Arbitrators and judges are legal professionals who help parties resolve legal issues. They listen to the arguments of everyone involved and apply relevant laws to decide on various cases. However, that’s as far as the similarity between these two professions go. They hold very important differences in terms of their qualifications, the work they do and the process they undertake to resolve the cases they handle.

An arbitrator is an impartial third party who hears and decides on disputes between parties out of the court system. An arbitrator can be an attorney, accountant or other professional who holds vast and extensive experience in a particular field. In many states, they are required to finish a mediation course and a specialized training course before they can become full-fledged arbitrators. A judge, on the other hand, hears cases in the formal confines of the court system. Judges are typically lawyers who have extensive experience. They also need to have political support since most positions require them to be appointed or elected.

Arbitrators and judges perform different tasks. Arbitrators do their best to get both parties to talk with each other so they can move towards a mutually-acceptable agreement. They handle civil cases in a private and typically informal proceeding. While arbitrators allow lawyers to be present during the arbitration, the role the latter plays is very limited. Judges, on the other hand, conduct pretrial hearings and based on the evidence presented, will determine if the case should go to trial. Judges hear both civil and criminal cases in a courtroom following formal legal procedures. Lawyers play a very important role in the litigation process—in fact, judges mainly address clients through their lawyers in the hearing.

Another important difference between arbitrators and judges is in the availability of appeal once they have given their decision. In many cases, the decision of the arbitrator is binding and once rendered, cannot be appealed. When a judge renders his or her decision, however, parties may appeal it at different levels of the judicial system. It should be noted that parties may appeal an arbitrator’s decision if the option to appeal is part of the arbitration clause. In some cases, a judge can also remove the decision of the arbitrator if the complainant can prove that the arbitrator was biased to the other party. There is no official record of the proceedings handled by arbitrators while everything that happens in court hearings is formally recorded by court reporters.

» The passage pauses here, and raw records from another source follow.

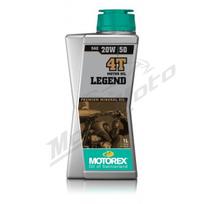 Alyva MOTOrex LEGEND 20W/50 Mineralinė - 4T - 1L
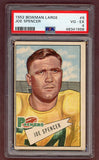 1952 Bowman Large Football #009 Joe Spencer Packers PSA 4 VG-EX 512364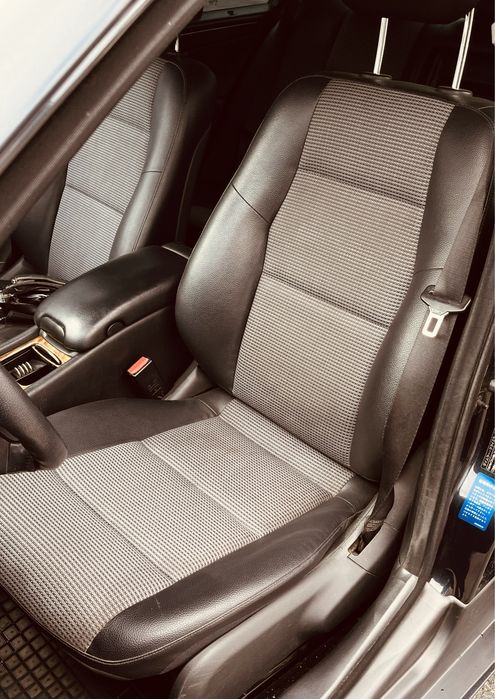 Mercedes c-klass w-203 ресталинг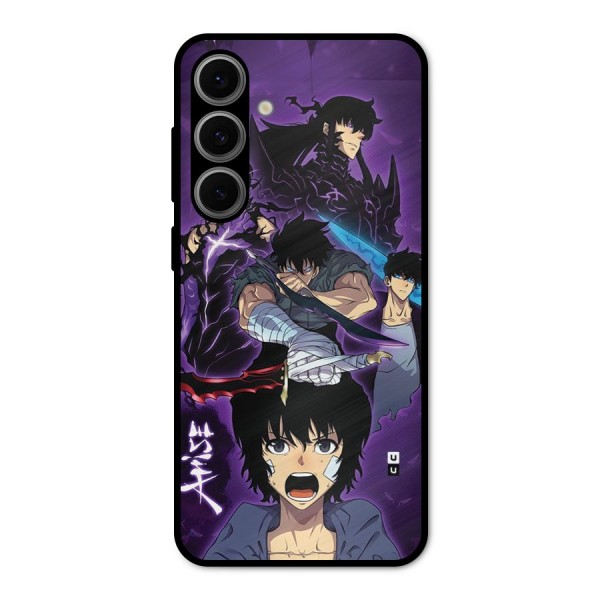 Jinwoo Sung Stance Metal Back Case for Galaxy S24 FE
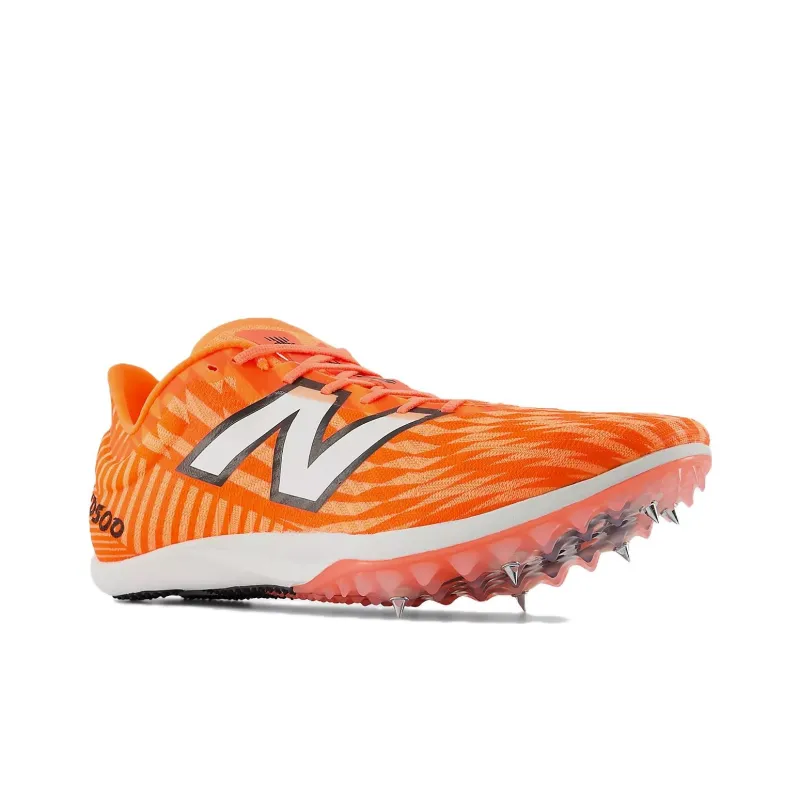 New Balance FuelCell MD500 V9 MD500 V9 Slip Resistant Low Top Running Shoes Unisex Orange White-2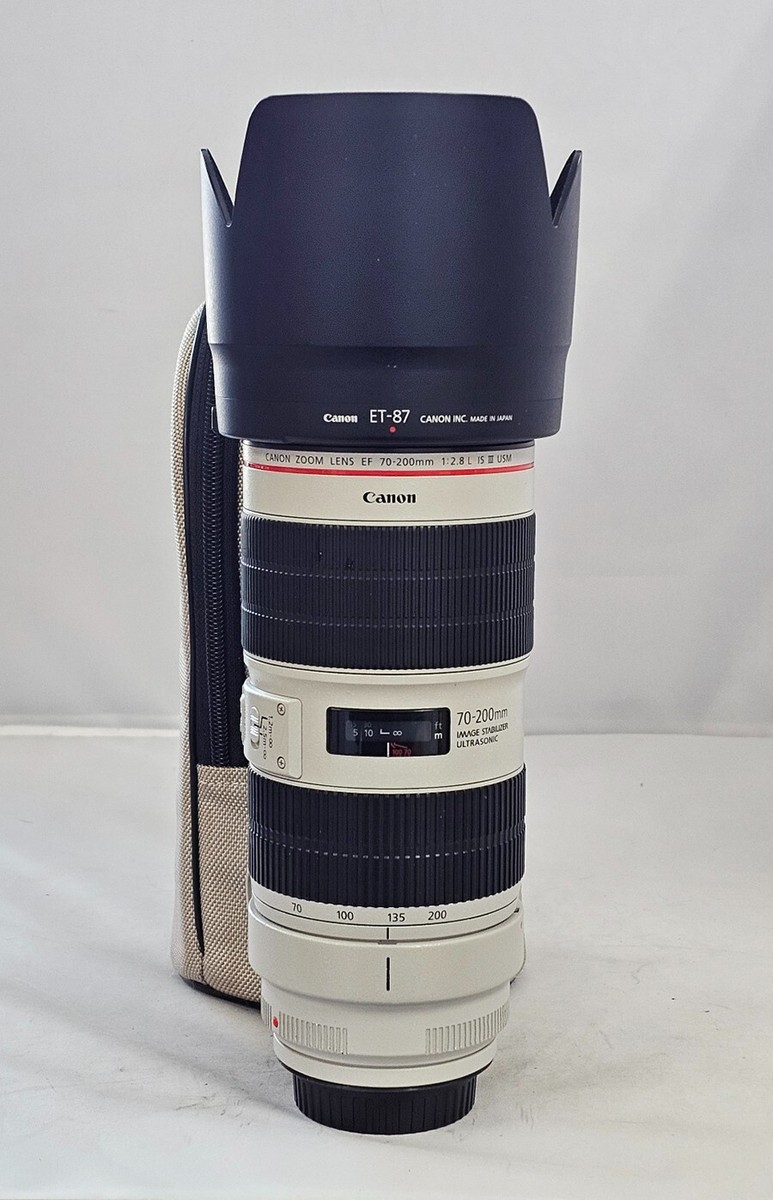 Canon EF 70-200 mm f/2.8L IS III USM Camera Lens (S/N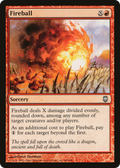 Fireball (DST-060) - Darksteel Foil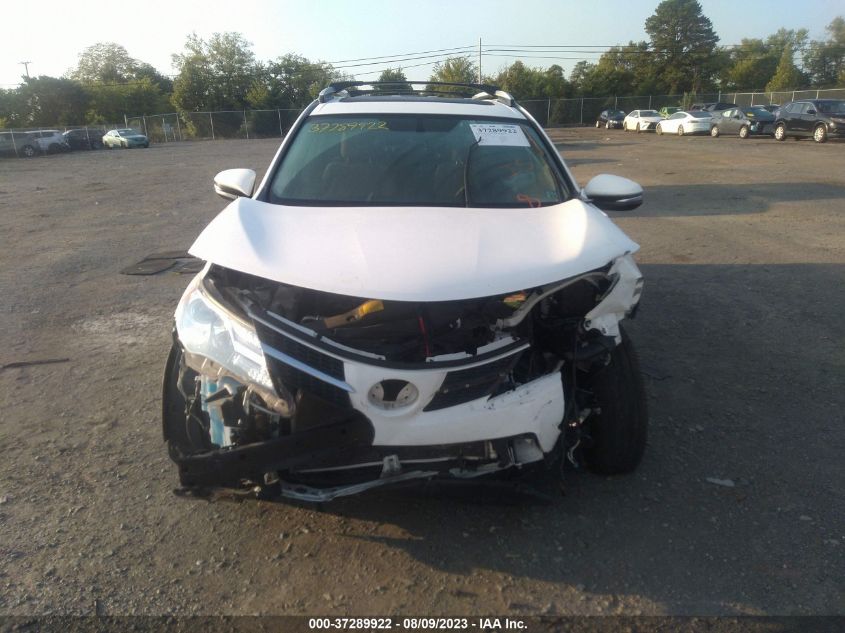 2014 TOYOTA RAV4 XLE - JTMRFREV5EJ012449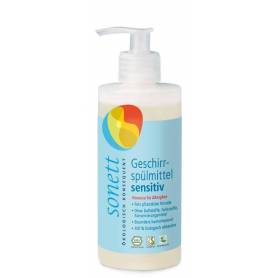 Detergent Ecologic Spalat Vase Neutru - 300ml - SONETT 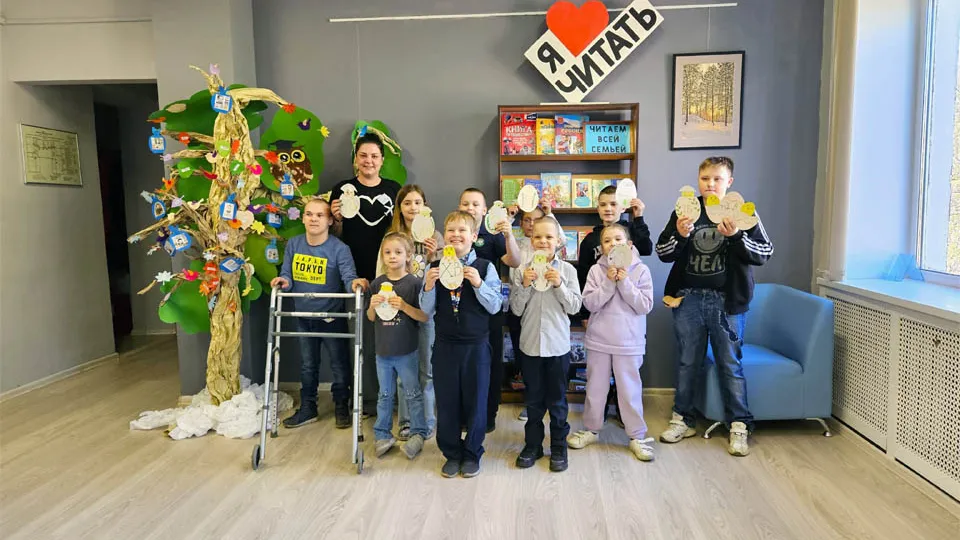 Фото: t.me/lpbiblioteka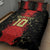 Custom Albania Football 2024 Go Champion Quilt Bed Set - Wonder Print Shop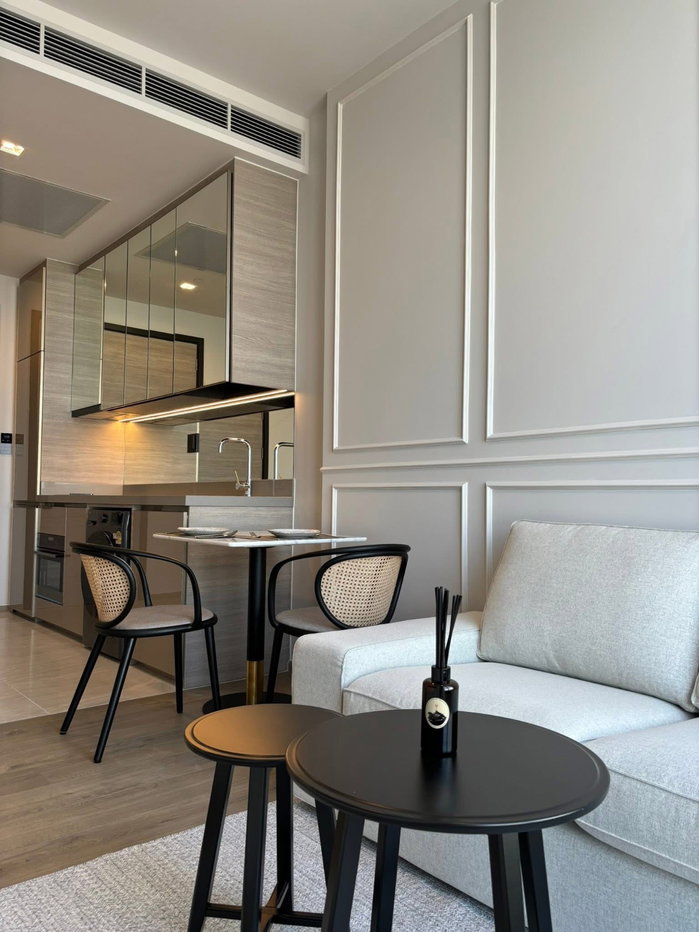 รูป 🔥Free WiFi🌟✅ให้เช่า The crest park residences 1 ห้องนอน 1 ห้องน้้ำ พร้อมอยู่🌟 - รูปที่ 4/10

Arbitrators are also different from judges in terms of who chooses them to handle a case and the waiting times for cases to be heard. The parties involved in the hearing typically choose the arbitrator to hear their case. In the litigation process, however, the court appoints the judge who will handle a particular case and the parties have no say in the matter. As far as the quickness by which the process is handled, arbitrators offer speedier resolution to cases before them compared to the ones handled by judges that usually take months or years before a decision is arrived at.